Makin berkembangnya pemakaian dasi lantas dilihat sebagai peluang bisnis yang menjajikan oleh pengusaha busana Ralph Lauren. Tahun 1970, dia meluncurkan dasi dengan lebar 10 cm. Dasi model ini pun digandrungi masyarakat luas. Tak hanya kelompok pengusaha, pada perkembangannya kemudian dasi juga dikenakan semua lapisan masyarakat.
Begitu besarnya bisnis dasi, hingga pada tahun 1995 time.com mencatat bisnis dasi di AS mencapai angka 1,3 miliar dolar AS (sekitar Rp 13 triliun). Seiring dengan perkembangan penggunaan dasi –terutama di masyarakat Barat—muncul pula pemaknaan lain dari busana tersebut. Di era modern ini, dasi juga mulai dimaknai sebagai simbol individualism, karena yang mengenakannya kebanyakan adalah masyarakat mapan yang kurang peduli dengan orang lain.
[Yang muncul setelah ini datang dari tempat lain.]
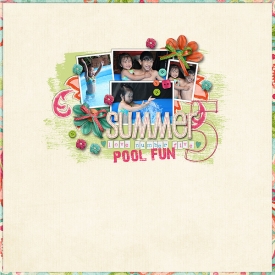 BOTCT1_SummerLove5PoolFun.jpg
Berbeda lagi dengan persepsi yang dimiliki Presiden Iran, Mahmud Ahmadinejad, soal dasi. Dia tidak pernah mau mengenakan dasi karena mengaku tidak memahami betul fungsinya. “Saya tahu fungsi jas untuk menghangatkan tubuh, celana dan baju untuk menutup aurat. Yang saya tidak tahu adalah fungsi dasi,” kata dia dalam sebuah kesempatan.